EXERCISE DATA Start Marker

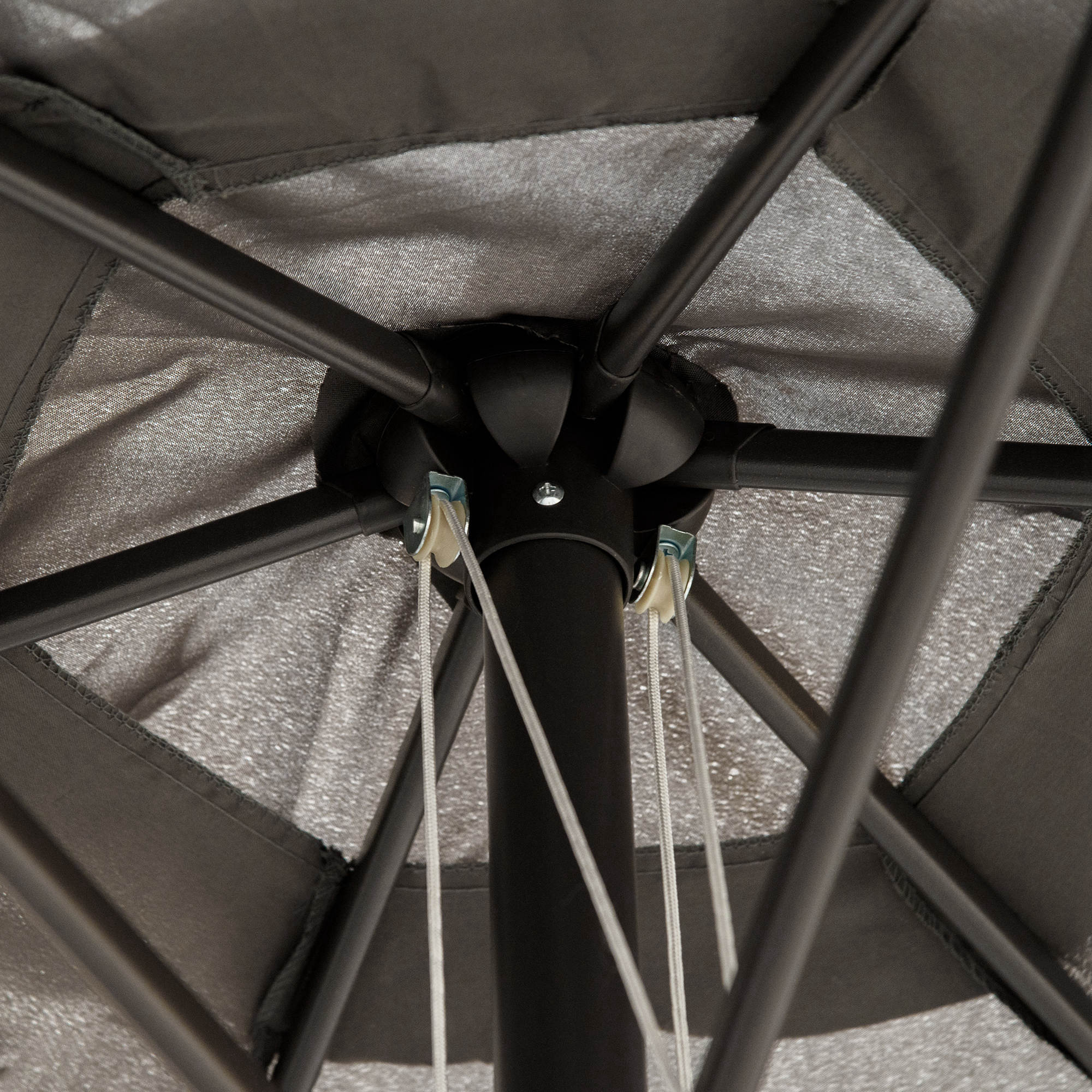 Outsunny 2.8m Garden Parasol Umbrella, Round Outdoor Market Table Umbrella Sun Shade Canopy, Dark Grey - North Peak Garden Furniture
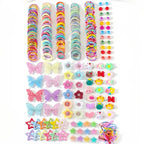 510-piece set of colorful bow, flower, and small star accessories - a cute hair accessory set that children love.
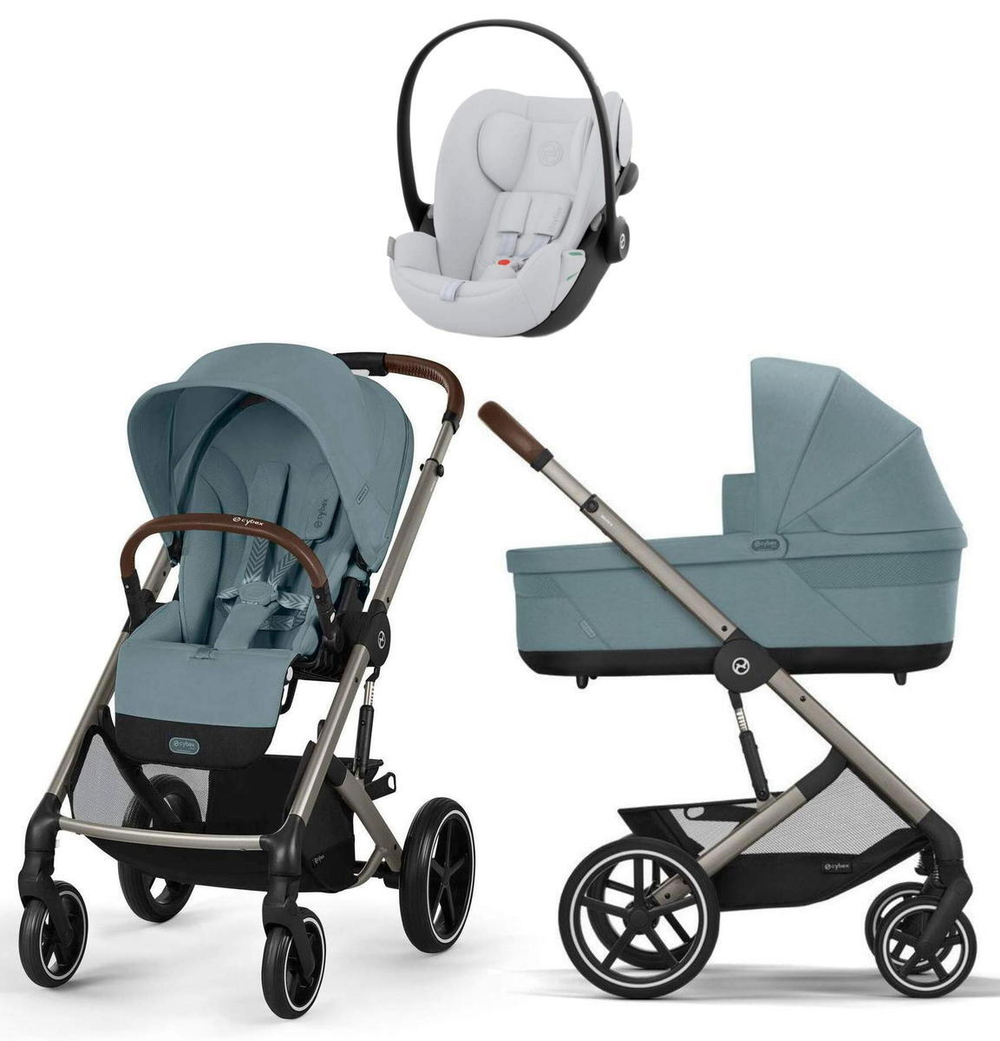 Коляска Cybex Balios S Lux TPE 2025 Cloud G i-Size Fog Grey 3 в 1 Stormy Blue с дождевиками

EXERCISE DATA End Marker

* **ACTIVITY**
Please output all of the data exactly as given, omitting any images it holds.

* **TASK ANSWER**
 Outsunny 2.8m Garden Parasol Umbrella, Round Outdoor Market Table Umbrella Sun Shade Canopy, Dark Grey - North Peak Garden Furniture
 510-piece set of colorful bow, flower, and small star accessories - a cute hair accessory set that children love.
 Коляска Cybex Balios S Lux TPE 2025 Cloud G i-Size Fog Grey 3 в 1 Stormy Blue с дождевиками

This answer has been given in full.